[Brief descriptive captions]
- Opening Delimiter -

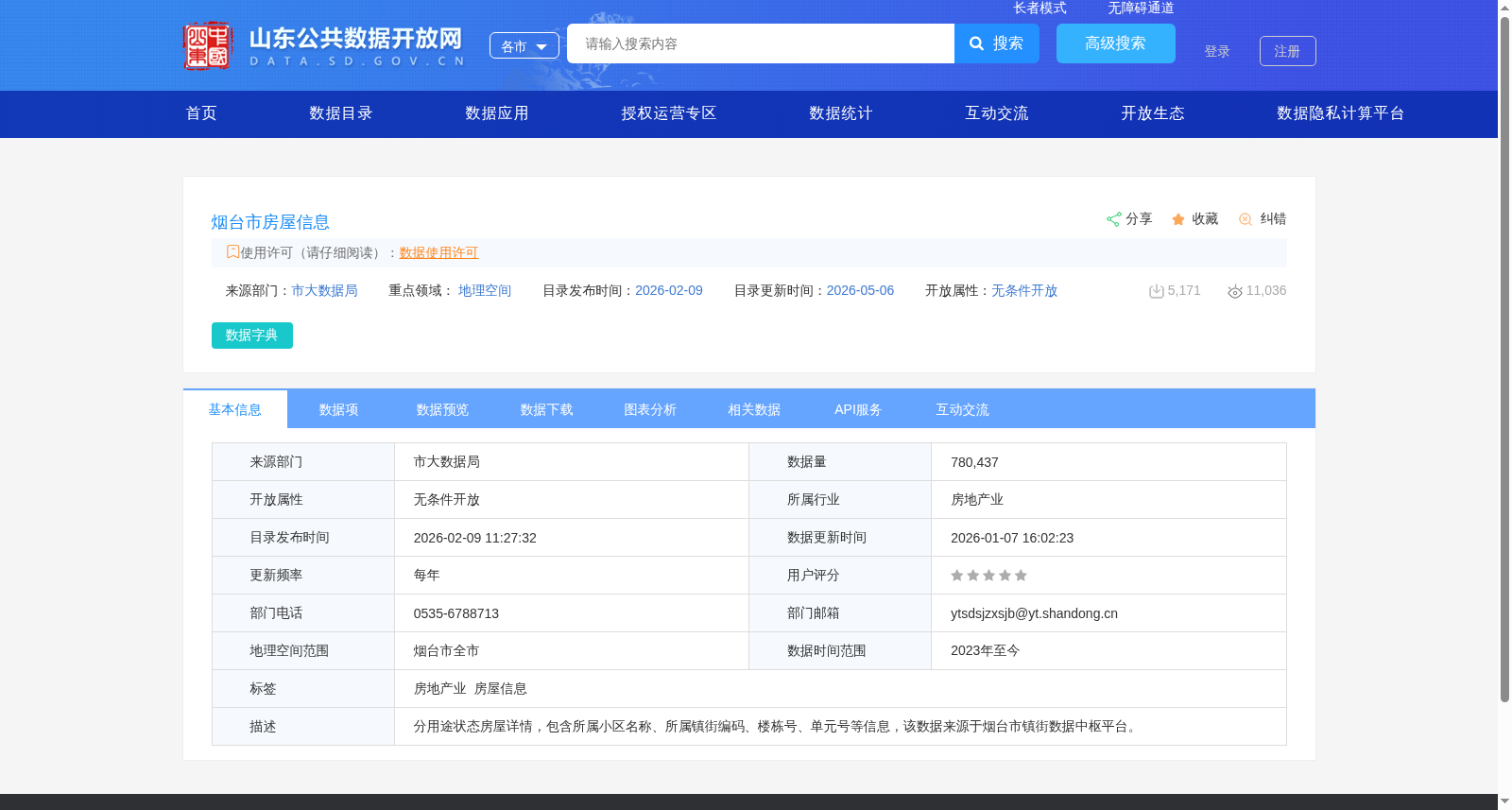 烟台市房屋信息 数据集图片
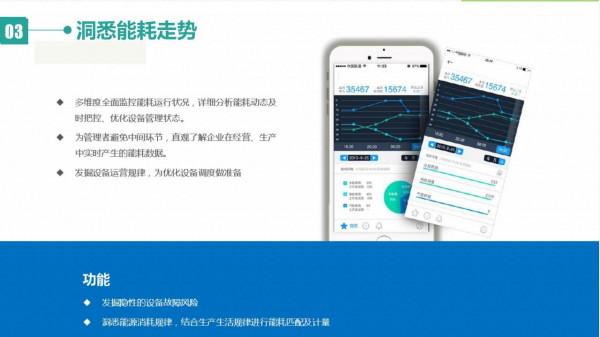 智慧能源大資料雲平臺建設方案（網際網路+大資料+雲計算+物聯網）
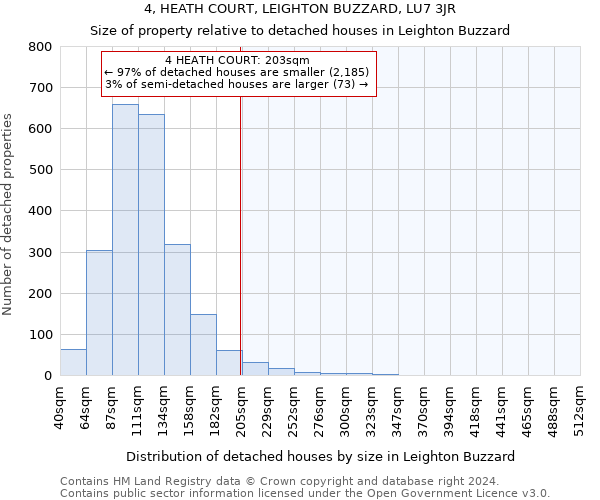 4, HEATH COURT, LEIGHTON BUZZARD, LU7 3JR: Size of property relative to detached houses in Leighton Buzzard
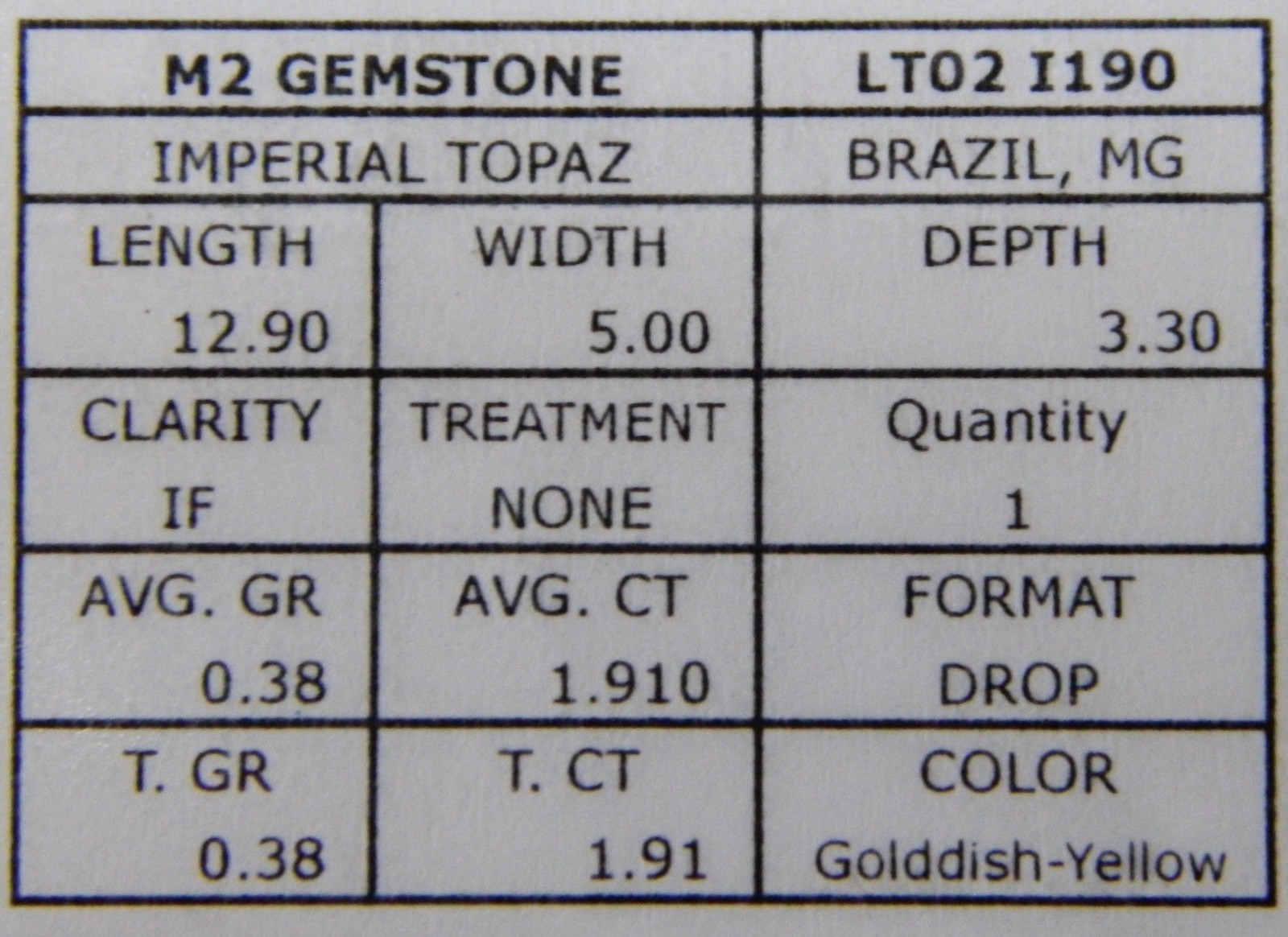 Imperial Topaz 1.91 Ct Clarity IF Pear Cut Natural Golden Brazil I190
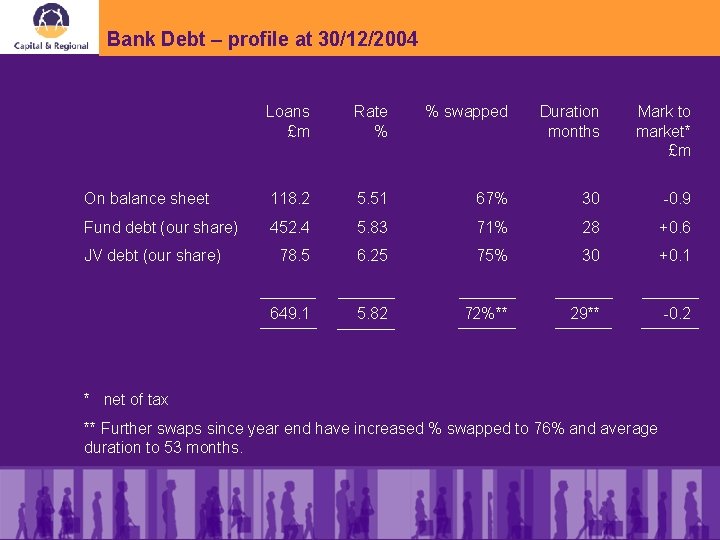 Bank Debt – profile at 30/12/2004 Loans £m Rate % % swapped Duration months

- Closing Delimiter -

* _Exercise objective_:
Reproduce word for word the lines from the one containing "4, HEATH COURT, LEIGHTON" through the end of the data, both ends kept. Drop the pictures.

* _Reply to the exercise_:
 4, HEATH COURT, LEIGHTON BUZZARD, LU7 3JR: Size of property relative to detached houses in Leighton Buzzard
 Imperial Topaz 1.91 Ct Clarity IF Pear Cut Natural Golden Brazil I190
 Bank Debt – profile at 30/12/2004 Loans £m Rate % % swapped Duration months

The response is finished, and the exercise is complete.